• _EXERCISE GOAL_
If pictures appear in the lines below, skip them and copy exactly the lines from the one containing "Uwaga pies tabliczka" through the one containing "Double Tier Wall", and nothing else.

• _DATA IN THIS EXERCISE_
Content starts

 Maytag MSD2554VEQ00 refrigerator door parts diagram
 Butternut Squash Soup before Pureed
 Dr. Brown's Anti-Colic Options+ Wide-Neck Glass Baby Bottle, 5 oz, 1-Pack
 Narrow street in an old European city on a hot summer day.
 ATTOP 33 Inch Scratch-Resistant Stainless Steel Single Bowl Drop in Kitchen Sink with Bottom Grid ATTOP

Content ends
Content starts

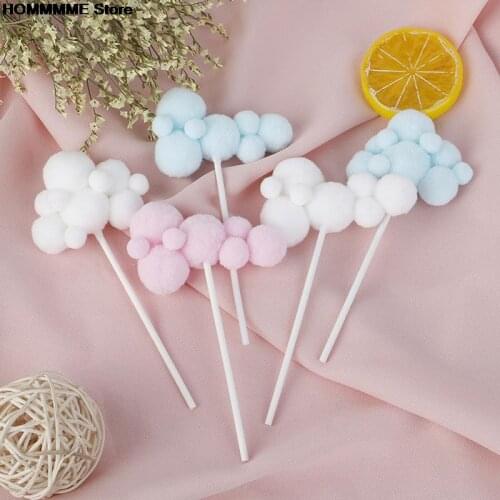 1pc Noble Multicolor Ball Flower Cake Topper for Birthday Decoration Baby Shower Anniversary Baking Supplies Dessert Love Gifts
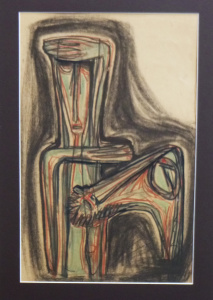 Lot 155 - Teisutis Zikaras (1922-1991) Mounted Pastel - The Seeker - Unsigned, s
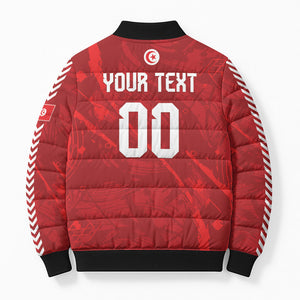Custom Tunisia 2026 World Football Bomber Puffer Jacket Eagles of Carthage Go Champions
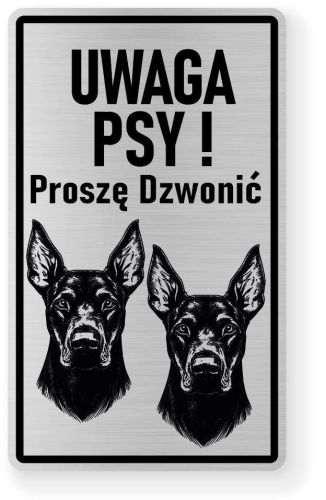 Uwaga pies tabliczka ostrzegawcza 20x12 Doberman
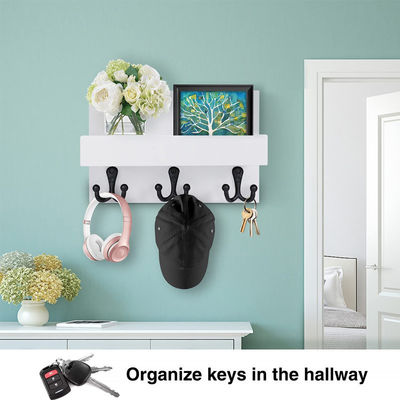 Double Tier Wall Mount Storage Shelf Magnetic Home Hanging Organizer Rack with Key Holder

Content ends
Content starts

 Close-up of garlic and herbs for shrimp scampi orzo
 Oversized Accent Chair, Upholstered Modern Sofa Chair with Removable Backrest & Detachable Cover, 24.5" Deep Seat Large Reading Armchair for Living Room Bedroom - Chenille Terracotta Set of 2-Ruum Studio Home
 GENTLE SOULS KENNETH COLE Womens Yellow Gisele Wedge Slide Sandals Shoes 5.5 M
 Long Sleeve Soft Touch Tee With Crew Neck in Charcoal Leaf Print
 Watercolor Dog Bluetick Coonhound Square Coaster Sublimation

Content ends

• _TASK SOLUTION_
 Uwaga pies tabliczka ostrzegawcza 20x12 Doberman
 Double Tier Wall Mount Storage Shelf Magnetic Home Hanging Organizer Rack with Key Holder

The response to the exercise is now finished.